Stored data entries:
• • • • • • •
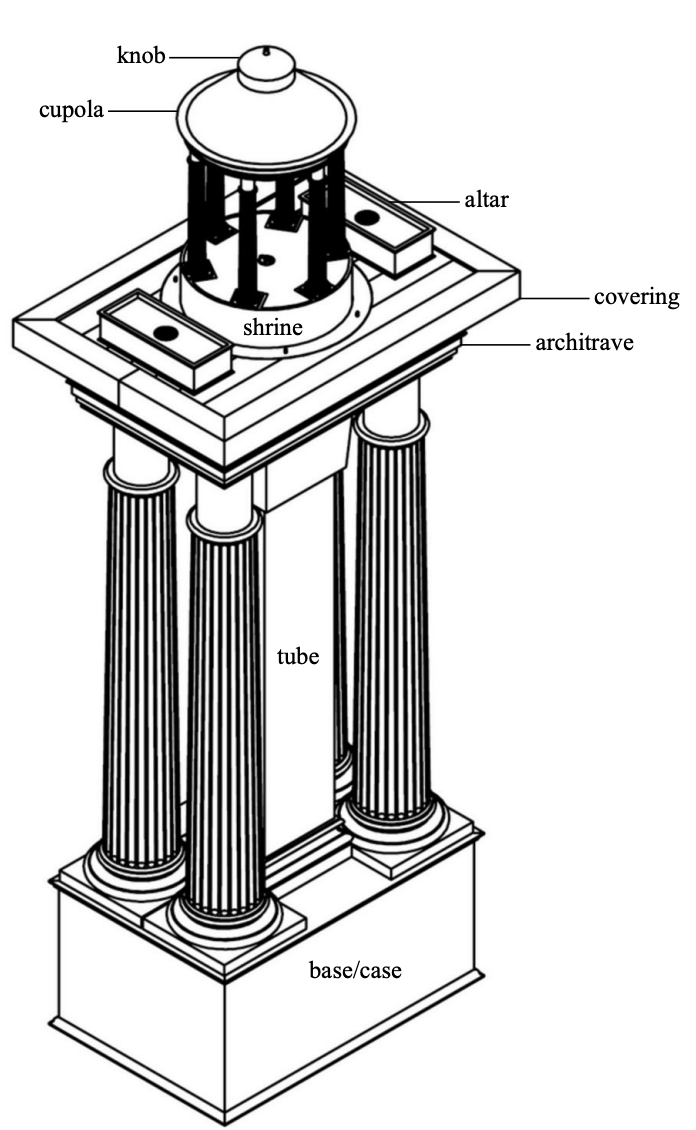 A labelled drawing of Hero’s mobile automaton: a wheeled base supports columns and a small circular stage.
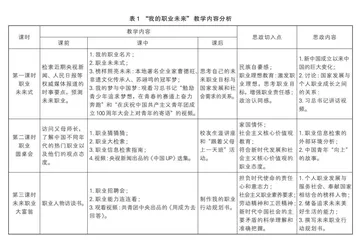 基于课程思政理念的高中生涯规划课教学实践例析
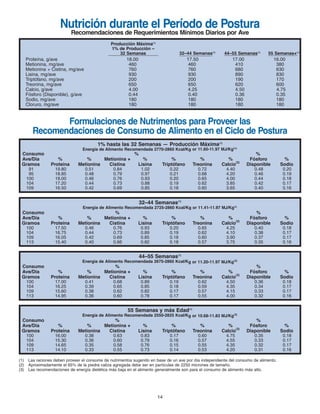 14
1% hasta las 32 Semanas — Producción Máxima(1)
Energía de Alimento Recomendada 2770-2860 Kcal/Kg or 11.60-11.97 MJ/Kg((3)
Consumo % %
Ave/Día % % Metionina + % % % % Fósforo %
Gramos Proteína Metionina Cistina Lisina Triptófano Treonina Calcio
(2)
Disponible Sodio
91 19.80 0.51 0.84 1.02 0.22 0.72 4.40 0.48 0.20
95 18.85 0.48 0.79 0.97 0.21 0.68 4.20 0.46 0.19
100 18.00 0.46 0.76 0.93 0.20 0.65 4.00 0.44 0.18
104 17.20 0.44 0.73 0.88 0.19 0.62 3.85 0.42 0.17
109 16.50 0.42 0.69 0.85 0.18 0.60 3.65 0.40 0.16
Nutrición durante el Período de Postura
Recomendaciones de Requerimientos Mínimos Diarios por Ave
Formulaciones de Nutrimentos para Proveer las
Recomendaciones de Consumo de Alimento en el Ciclo de Postura
32–44 Semanas(1)
Energía de Alimento Recomendada 2725-2860 Kcal/Kg or 11.41-11.97 MJ/Kg(3)
Consumo % %
Ave/Día % % Metionina + % % % % Fósforo %
Gramos Proteína Metionina Cistina Lisina Triptófano Treonina Calcio
(2)
Disponible Sodio
100 17.50 0.46 0.76 0.93 0.20 0.65 4.25 0.40 0.18
104 16.75 0.44 0.73 0.89 0.19 0.62 4.10 0.38 0.17
109 16.05 0.42 0.69 0.85 0.18 0.60 3.90 0.37 0.17
113 15.40 0.40 0.66 0.82 0.18 0.57 3.75 0.35 0.16
44–55 Semanas(1)
Energía de Alimento Recomendada 2675-2860 Kcal/Kg or 11.20-11.97 MJ/Kg(3)
Consumo % %
Ave/Día % % Metionina + % % % % Fósforo %
Gramos Proteína Metionina Cistina Lisina Triptófano Treonina Calcio
(2)
Disponible Sodio
100 17.00 0.41 0.68 0.89 0.19 0.62 4.50 0.36 0.18
104 16.25 0.39 0.65 0.85 0.18 0.59 4.35 0.34 0.17
109 15.60 0.38 0.62 0.82 0.17 0.57 4.15 0.33 0.17
113 14.95 0.36 0.60 0.78 0.17 0.55 4.00 0.32 0.16
55 Semanas y más Edad(1)
Energía de Alimento Recomendada 2550-2825 Kcal/Kg or 10.68-11.83 MJ/Kg(3)
Consumo % %
Ave/Día % % Metionina + % % % % Fósforo %
Gramos Proteína Metionina Cistina Lisina Triptófano Treonina Calcio
(2)
Disponible Sodio
100 16.00 0.38 0.63 0.83 0.17 0.60 4.75 0.35 0.18
104 15.30 0.36 0.60 0.79 0.16 0.57 4.55 0.33 0.17
109 14.65 0.35 0.58 0.76 0.15 0.55 4.35 0.32 0.17
113 14.10 0.33 0.55 0.73 0.14 0.53 4.20 0.31 0.16
(1) Las raciones deben proveer el consume de nutrimentos sugerido en base de un ave por día independiente del consumo de alimento.
(2) Aproximadamente el 65% de la piedra caliza agregada debe ser en partículas de 2250 micrones de tamaño.
(3) Las recomendaciones de energía dietética más baja en el alimento generalmente son para el consumo de alimento más alto.
Producción Máxima(1)
1% de Producción –
32 Semanas 32–44 Semanas(1)
44–55 Semanas(1)
55 Semanas+(1)
Proteína, g/ave 18.00 17.50 17.00 16.00
Metionina, mg/ave 460 460 410 380
Metionina + Cistina, mg/ave 760 760 680 630
Lisina, mg/ave 930 930 890 830
Triptófano, mg/ave 200 200 190 170
Treonina, mg/ave 650 650 620 600
Calcio, g/ave 4.00 4.25 4.50 4.75
Fósforo (Disponible), g/ave 0.44 0.40 0.36 0.35
Sodio, mg/ave 180 180 180 180
Cloruro, mg/ave 180 180 180 180
Brown Span Guts 11/7/06 1:57 PM Page 13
• • • • • • •
TASK OBJECTIVE:
Please repeat each line from the one with "109 15.60 0.38" through the last line of the data above, and add nothing.

SOLUTION TO THIS PROBLEM:
109 15.60 0.38 0.62 0.82 0.17 0.57 4.15 0.33 0.17
113 14.95 0.36 0.60 0.78 0.17 0.55 4.00 0.32 0.16
55 Semanas y más Edad(1)
Energía de Alimento Recomendada 2550-2825 Kcal/Kg or 10.68-11.83 MJ/Kg(3)
Consumo % %
Ave/Día % % Metionina + % % % % Fósforo %
Gramos Proteína Metionina Cistina Lisina Triptófano Treonina Calcio
(2)
Disponible Sodio
100 16.00 0.38 0.63 0.83 0.17 0.60 4.75 0.35 0.18
104 15.30 0.36 0.60 0.79 0.16 0.57 4.55 0.33 0.17
109 14.65 0.35 0.58 0.76 0.15 0.55 4.35 0.32 0.17
113 14.10 0.33 0.55 0.73 0.14 0.53 4.20 0.31 0.16
(1) Las raciones deben proveer el consume de nutrimentos sugerido en base de un ave por día independiente del consumo de alimento.
(2) Aproximadamente el 65% de la piedra caliza agregada debe ser en partículas de 2250 micrones de tamaño.
(3) Las recomendaciones de energía dietética más baja en el alimento generalmente son para el consumo de alimento más alto.
Producción Máxima(1)
1% de Producción –
32 Semanas 32–44 Semanas(1)
44–55 Semanas(1)
55 Semanas+(1)
Proteína, g/ave 18.00 17.50 17.00 16.00
Metionina, mg/ave 460 460 410 380
Metionina + Cistina, mg/ave 760 760 680 630
Lisina, mg/ave 930 930 890 830
Triptófano, mg/ave 200 200 190 170
Treonina, mg/ave 650 650 620 600
Calcio, g/ave 4.00 4.25 4.50 4.75
Fósforo (Disponible), g/ave 0.44 0.40 0.36 0.35
Sodio, mg/ave 180 180 180 180
Cloruro, mg/ave 180 180 180 180
Brown Span Guts 11/7/06 1:57 PM Page 13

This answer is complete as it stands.